▶ EXERCISE AIM
In the entries that follow, find the line containing "Here's a situation." and the line containing "And then you've", then retype exactly the lines from the first through the second, pictures excluded.

[DATA RECORDS — start]

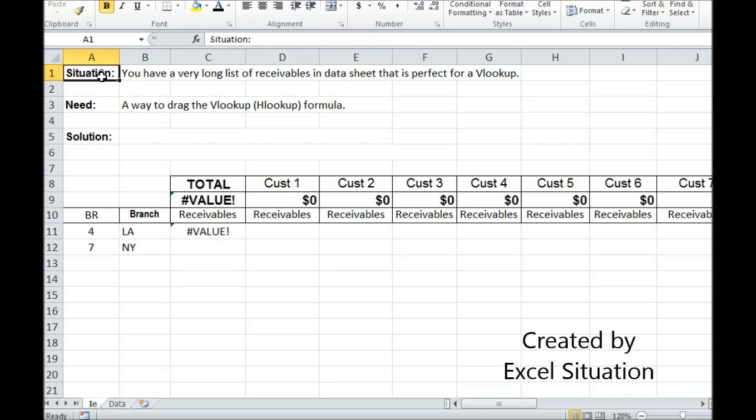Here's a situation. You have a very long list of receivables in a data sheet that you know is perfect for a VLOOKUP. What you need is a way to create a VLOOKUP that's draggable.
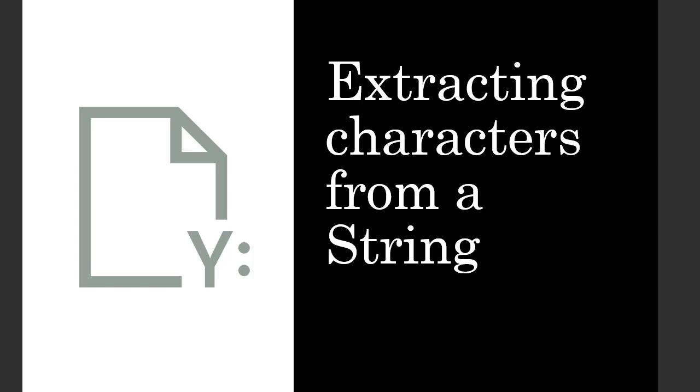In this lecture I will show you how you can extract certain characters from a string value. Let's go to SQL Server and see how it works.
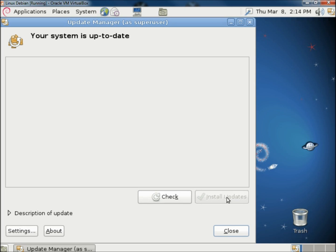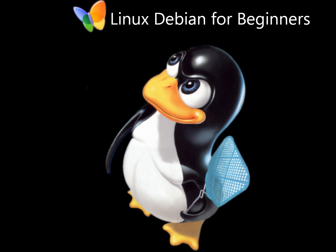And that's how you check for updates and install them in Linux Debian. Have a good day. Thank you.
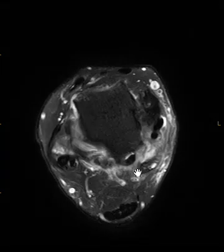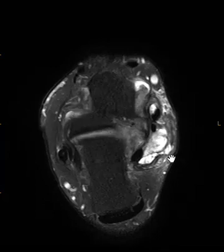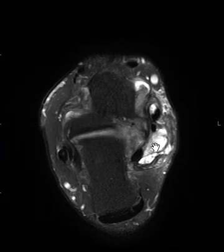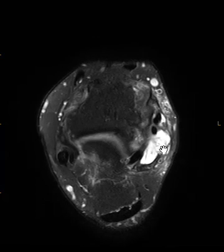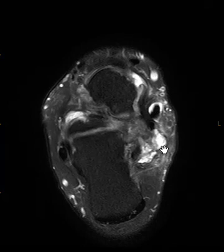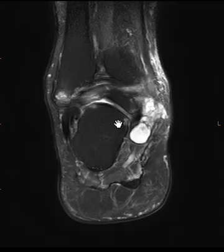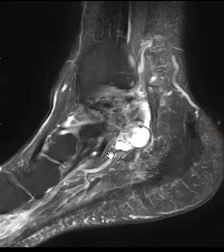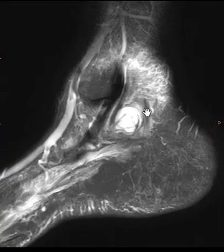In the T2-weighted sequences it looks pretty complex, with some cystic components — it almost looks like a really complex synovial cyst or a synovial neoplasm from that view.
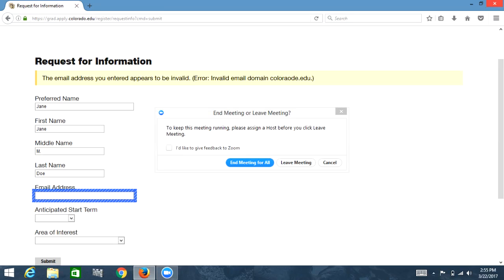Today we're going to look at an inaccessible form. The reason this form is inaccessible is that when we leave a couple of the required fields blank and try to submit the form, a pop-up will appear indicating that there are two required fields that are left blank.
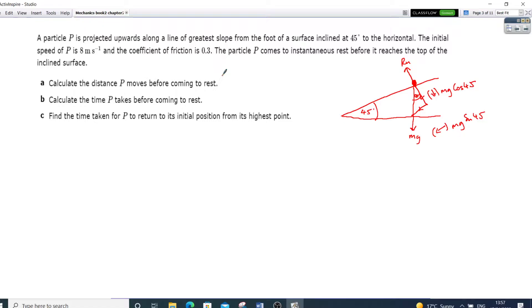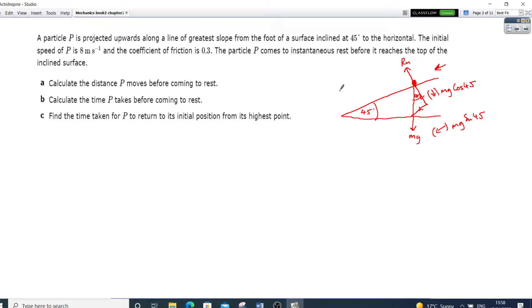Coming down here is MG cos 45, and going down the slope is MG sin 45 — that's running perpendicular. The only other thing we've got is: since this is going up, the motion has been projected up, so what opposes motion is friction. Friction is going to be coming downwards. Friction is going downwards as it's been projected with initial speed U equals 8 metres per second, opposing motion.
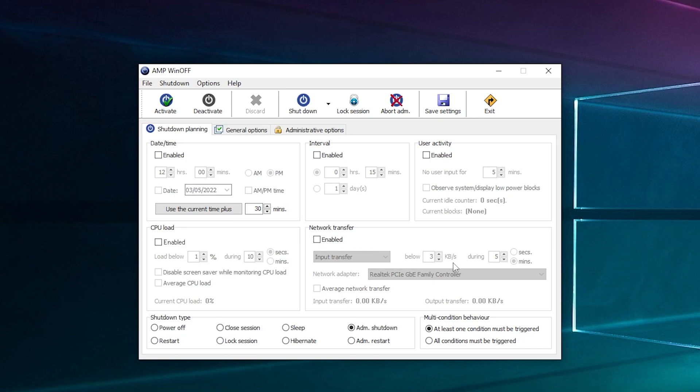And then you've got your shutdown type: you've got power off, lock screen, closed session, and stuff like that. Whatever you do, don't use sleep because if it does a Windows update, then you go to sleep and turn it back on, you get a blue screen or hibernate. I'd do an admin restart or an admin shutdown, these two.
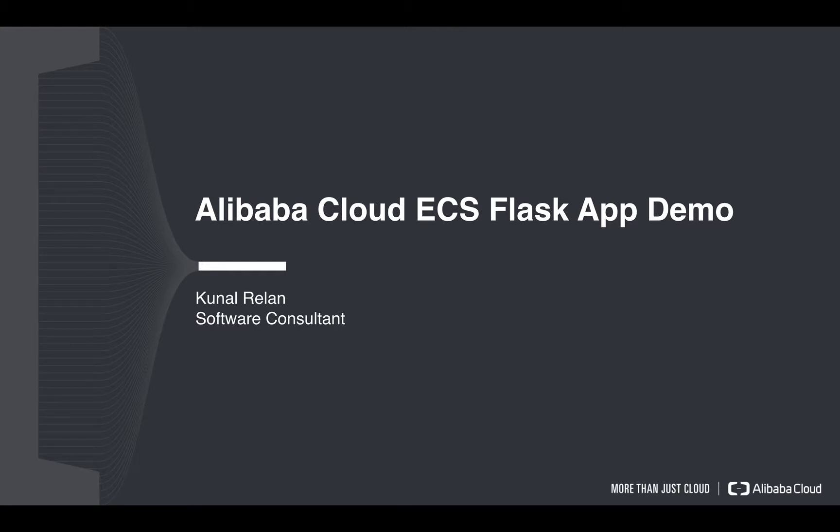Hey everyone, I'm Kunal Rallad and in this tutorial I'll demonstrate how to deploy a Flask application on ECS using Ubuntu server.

[DATA RECORDS — finish]
[DATA RECORDS — start]

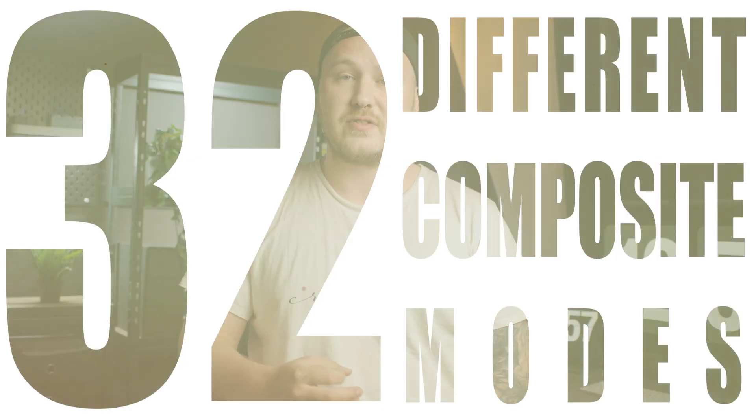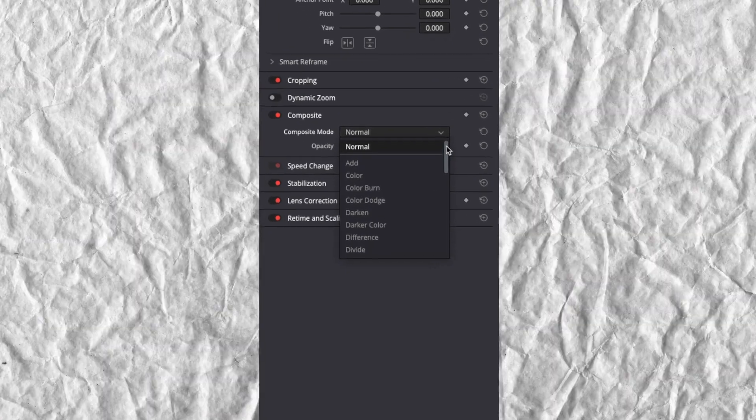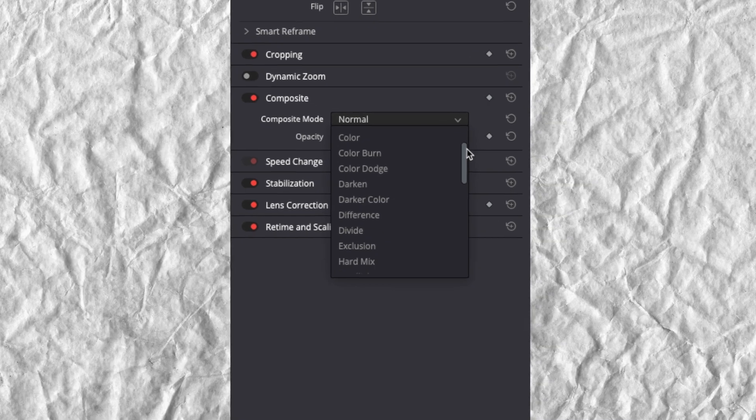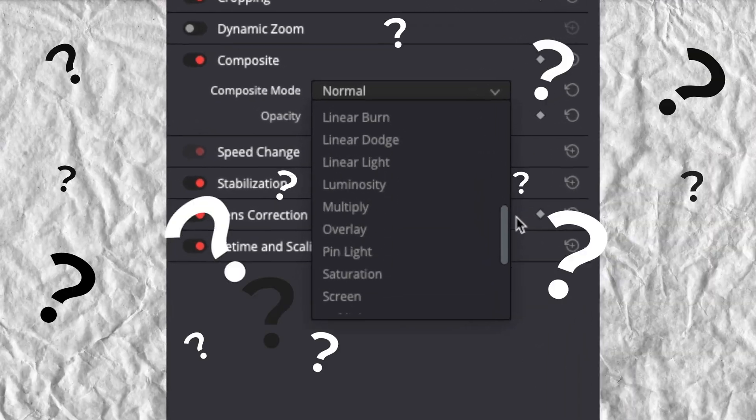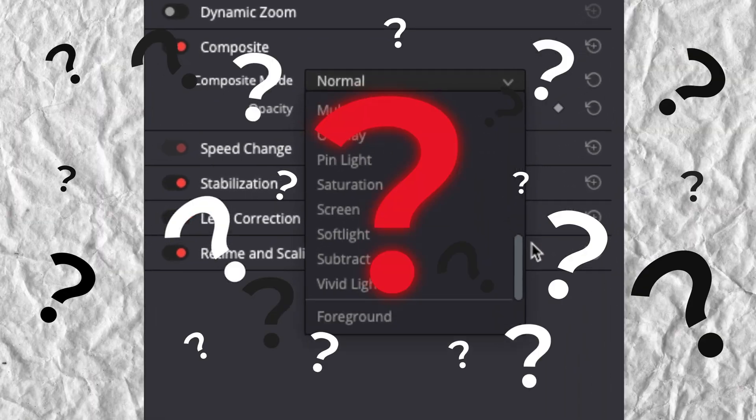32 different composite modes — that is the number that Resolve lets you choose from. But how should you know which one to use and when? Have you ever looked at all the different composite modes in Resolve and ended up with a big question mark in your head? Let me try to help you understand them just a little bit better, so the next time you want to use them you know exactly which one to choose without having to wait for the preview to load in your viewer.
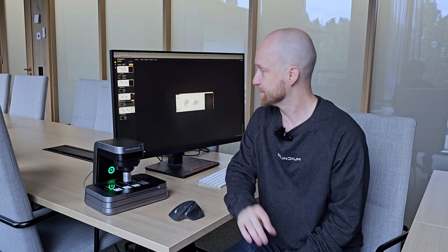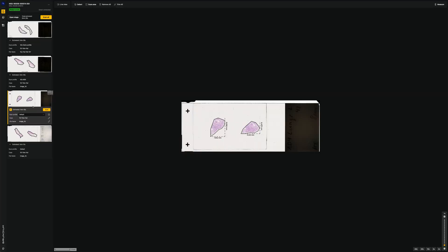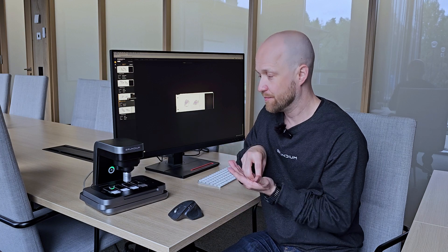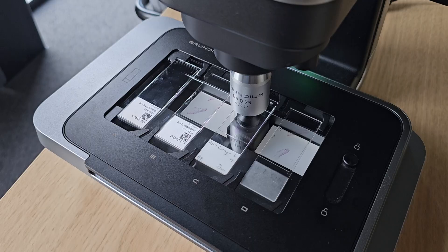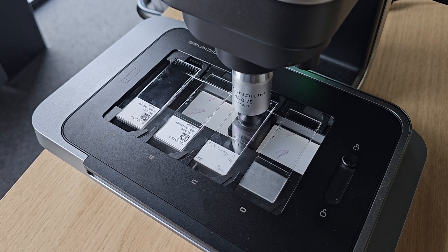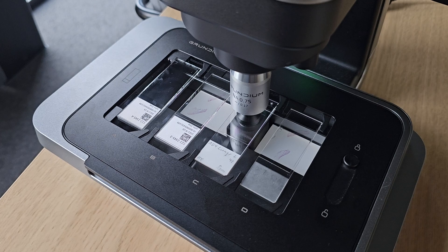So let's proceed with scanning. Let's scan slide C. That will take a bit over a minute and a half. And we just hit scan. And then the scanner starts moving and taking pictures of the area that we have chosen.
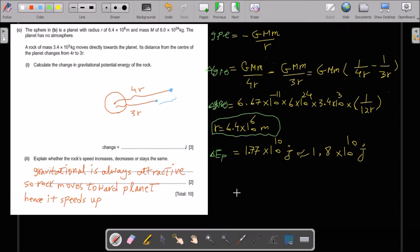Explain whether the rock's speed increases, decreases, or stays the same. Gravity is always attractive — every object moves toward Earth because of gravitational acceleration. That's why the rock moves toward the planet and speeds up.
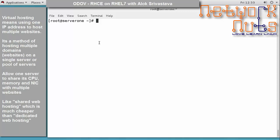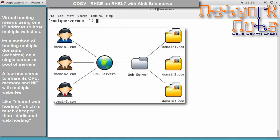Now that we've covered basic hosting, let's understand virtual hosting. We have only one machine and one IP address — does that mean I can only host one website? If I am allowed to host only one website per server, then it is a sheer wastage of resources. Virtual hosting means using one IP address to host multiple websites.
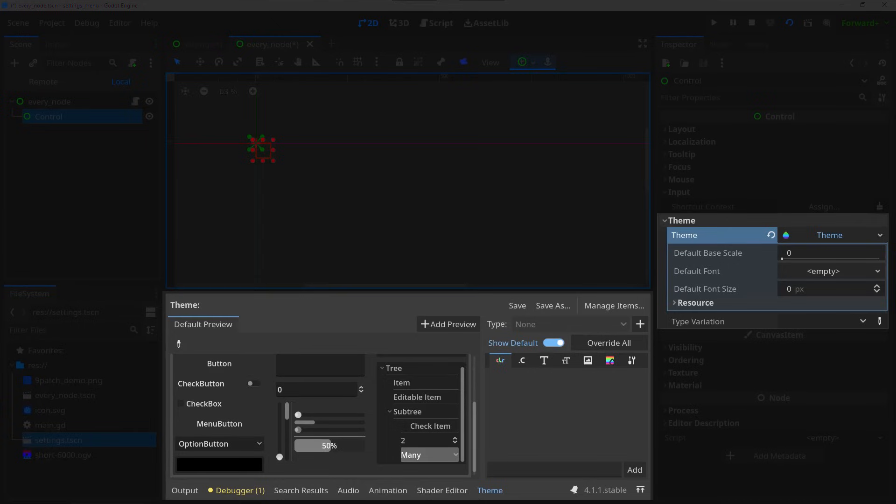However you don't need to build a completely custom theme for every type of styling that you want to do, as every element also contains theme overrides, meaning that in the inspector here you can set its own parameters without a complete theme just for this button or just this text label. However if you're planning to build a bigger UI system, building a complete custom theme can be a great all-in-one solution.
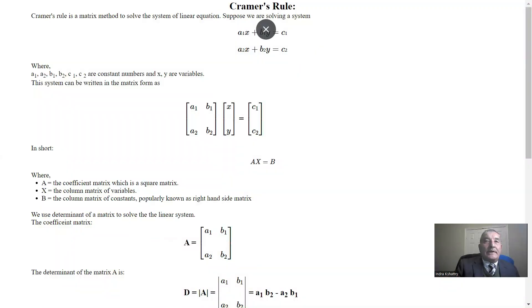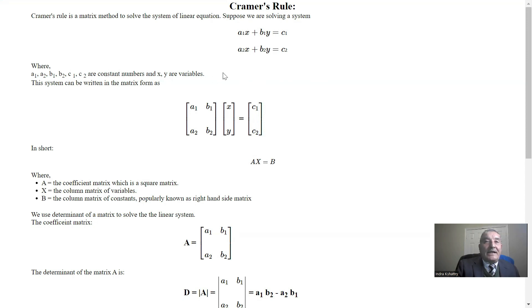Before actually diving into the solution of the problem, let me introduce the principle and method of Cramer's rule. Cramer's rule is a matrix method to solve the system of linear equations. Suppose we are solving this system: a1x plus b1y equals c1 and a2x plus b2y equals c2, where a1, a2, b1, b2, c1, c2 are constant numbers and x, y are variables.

[DATA RECORDS — finish]

▶ TASK RESPONSE
Here's a situation. You have a very long list of receivables in a data sheet that you know is perfect for a VLOOKUP. What you need is a way to create a VLOOKUP that's draggable.
In this lecture I will show you how you can extract certain characters from a string value. Let's go to SQL Server and see how it works.
And that's how you check for updates and install them in Linux Debian. Have a good day. Thank you.
In the T2-weighted sequences it looks pretty complex, with some cystic components — it almost looks like a really complex synovial cyst or a synovial neoplasm from that view.
Today we're going to look at an inaccessible form. The reason this form is inaccessible is that when we leave a couple of the required fields blank and try to submit the form, a pop-up will appear indicating that there are two required fields that are left blank.
Coming down here is MG cos 45, and going down the slope is MG sin 45 — that's running perpendicular. The only other thing we've got is: since this is going up, the motion has been projected up, so what opposes motion is friction. Friction is going to be coming downwards. Friction is going downwards as it's been projected with initial speed U equals 8 metres per second, opposing motion.
And then you've got your shutdown type: you've got power off, lock screen, closed session, and stuff like that. Whatever you do, don't use sleep because if it does a Windows update, then you go to sleep and turn it back on, you get a blue screen or hibernate. I'd do an admin restart or an admin shutdown, these two.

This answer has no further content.